* WORK INSTRUCTIONS *
Every line of the material must be given again verbatim. Skip the images.

* INPUT DATA *
--- START ---

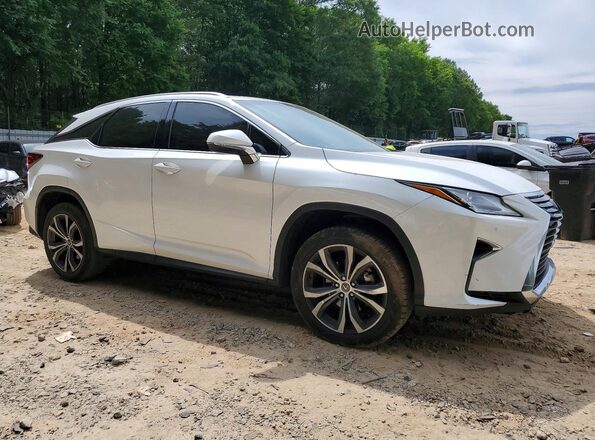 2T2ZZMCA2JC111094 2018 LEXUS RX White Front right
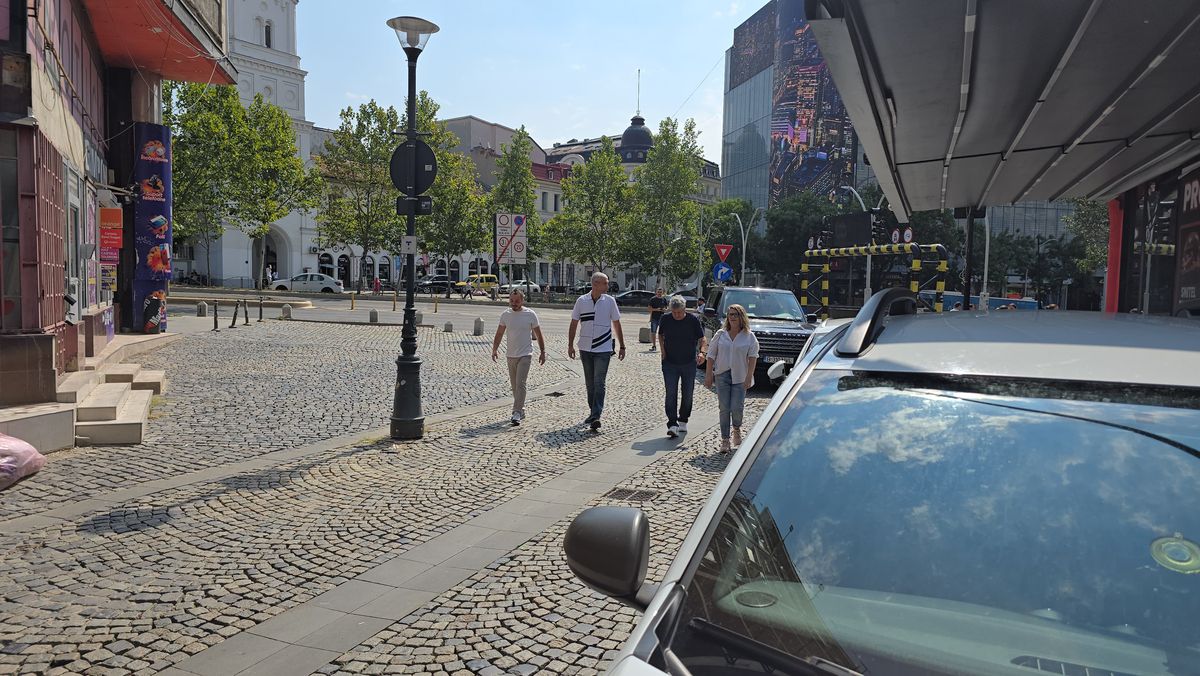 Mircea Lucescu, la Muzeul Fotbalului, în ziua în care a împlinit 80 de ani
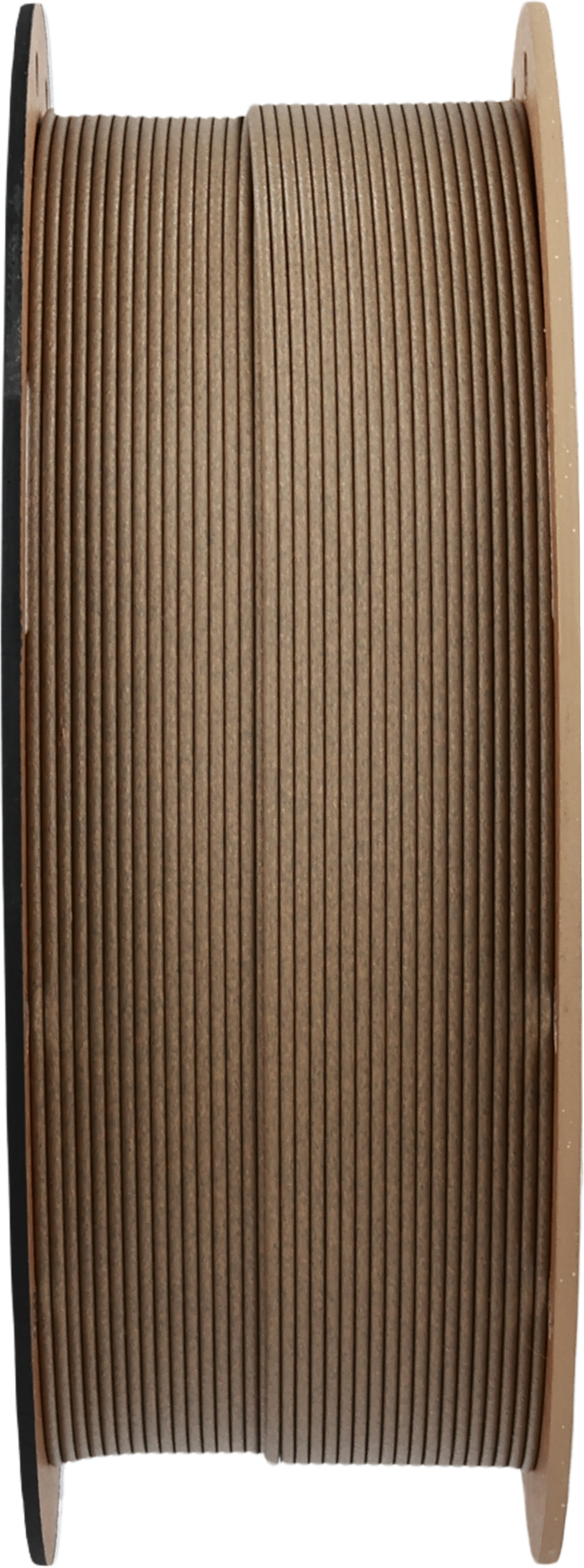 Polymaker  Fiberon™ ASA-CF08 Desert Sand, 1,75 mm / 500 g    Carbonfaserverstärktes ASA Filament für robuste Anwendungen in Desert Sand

--- END ---

* REPLY *
 2T2ZZMCA2JC111094 2018 LEXUS RX White Front right
 Mircea Lucescu, la Muzeul Fotbalului, în ziua în care a împlinit 80 de ani
 Polymaker  Fiberon™ ASA-CF08 Desert Sand, 1,75 mm / 500 g    Carbonfaserverstärktes ASA Filament für robuste Anwendungen in Desert Sand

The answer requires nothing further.